- Allegiance: Sri Lanka
- Branch: Sri Lanka Navy
- Rank: Rear Admiral
- Commands: Director Naval Training, Commander Southern Naval Area
- Conflicts: Sri Lankan Civil War

= Manil Mendis =

Rear Admiral Manil Mendis was a Sri Lankan admiral. He is the former director of naval training and former commander of the Southern Naval Area. He was promoted to the rank of rear admiral in 2015, after a committee appointed by Maithripala Sirisena, the president of Sri Lanka found that he was politically victimized in 2010.

Educated at the Royal College Colombo, he joined the Sri Lanka Navy as an officer cadet in the executive branch, graduated top of his batch in officer training as a midshipman at the Naval & Maritime Academy, and completed his training at Britannia Royal Naval College after which he was commissioned as a sub-lieutenant. He thereafter complete the Sub Lieutenant Technical Course in the Indian Navy in 1982 and the Long Navigation & Direction Course in the Pakistan Navy in 1985. In 1992, he attended the Defence Services Staff College in Wellington, India gaining the psc qualification and a Masters in Defence Studies, from the University of Madras.

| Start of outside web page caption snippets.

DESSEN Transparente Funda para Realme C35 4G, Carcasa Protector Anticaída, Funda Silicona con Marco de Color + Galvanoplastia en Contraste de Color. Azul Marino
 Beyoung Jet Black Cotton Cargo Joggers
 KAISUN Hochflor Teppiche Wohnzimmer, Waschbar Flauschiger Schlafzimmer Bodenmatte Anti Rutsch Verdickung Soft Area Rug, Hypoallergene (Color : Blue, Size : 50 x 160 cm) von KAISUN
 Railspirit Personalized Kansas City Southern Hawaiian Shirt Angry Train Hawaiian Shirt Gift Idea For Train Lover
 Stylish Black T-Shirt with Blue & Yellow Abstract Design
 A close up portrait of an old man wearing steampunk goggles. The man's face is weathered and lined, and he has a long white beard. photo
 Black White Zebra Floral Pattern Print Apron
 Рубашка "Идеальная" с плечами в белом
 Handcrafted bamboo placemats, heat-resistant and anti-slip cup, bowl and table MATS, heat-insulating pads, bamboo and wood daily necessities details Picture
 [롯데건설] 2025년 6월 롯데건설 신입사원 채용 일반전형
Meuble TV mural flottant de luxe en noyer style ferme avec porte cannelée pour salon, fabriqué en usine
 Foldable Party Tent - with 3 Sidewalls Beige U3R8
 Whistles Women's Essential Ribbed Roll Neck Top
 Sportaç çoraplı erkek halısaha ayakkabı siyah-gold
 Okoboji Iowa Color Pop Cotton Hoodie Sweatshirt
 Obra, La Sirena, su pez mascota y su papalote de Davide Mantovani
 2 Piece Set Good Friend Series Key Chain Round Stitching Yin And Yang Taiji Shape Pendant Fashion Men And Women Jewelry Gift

He held several postings that included Deputy Area Commander of South, North, West & East; Commandant, Naval & Maritime Academy; Director Naval Administration and Welfare and Flag Officer Commanding Naval Fleet. Reaching the rank of commodore, he was appointed to the post of director of naval training, after which he was appointed commander of the Southern Naval Area.

He was commander of the Southern Naval Area, when the LTTE launched a surprise suicide attack on Galle Harbour and the adjacent naval shore establishment SLNS Dakshina the Southern Naval Command HQ on October 18, 2006. It resulted in the death of one sailor and one civilian; 12 sailors, 14 civilians wounded and damage to three naval gun boats. However it caused much humiliation to the government as Galle was the provincial capital of the Southern Province, the home province of President Mahinda Rajapaksa. Relieved of command, Commodore Mendis was court-martialed three months later on January 28, 2007. He was the most senior military officer to be court-martialed since the start of the northern insurgency in 1981, even though there were several larger military setbacks in the past such as the Bandaranaike Airport attack, first Battle of Mullaitivu and Second Battle of Elephant Pass or after as the Raid on Anuradhapura Air Force Base no commanding officers were court-martialed, even though they resulted in more deaths and economic effects. In February 2007, he was found guilty of two counts. The first count was "failing to take adequate precautions and countermeasures with due care for the protection of the Naval base, ships and craft and personnel at the Galle Harbour from terrorist attacks despite the availability of prior reliable information and repeated instructions from Naval Headquarters, an act prejudicial to good order and naval discipline". The second count - "failing to obtain approval from the Navy Commander prior to leaving SLNS Dakshin despite specific instructions by the Commander for him to proceed and stay at SLNS Dakshin due to a possible terrorist attack on the Galle harbour, an act prejudicial to good order and naval discipline". He was reduced in seniority by ten months and retired shortly with his rank.

Commodore Mendis has been awarded the service medal Sri Lanka Armed Services Long Service Medal.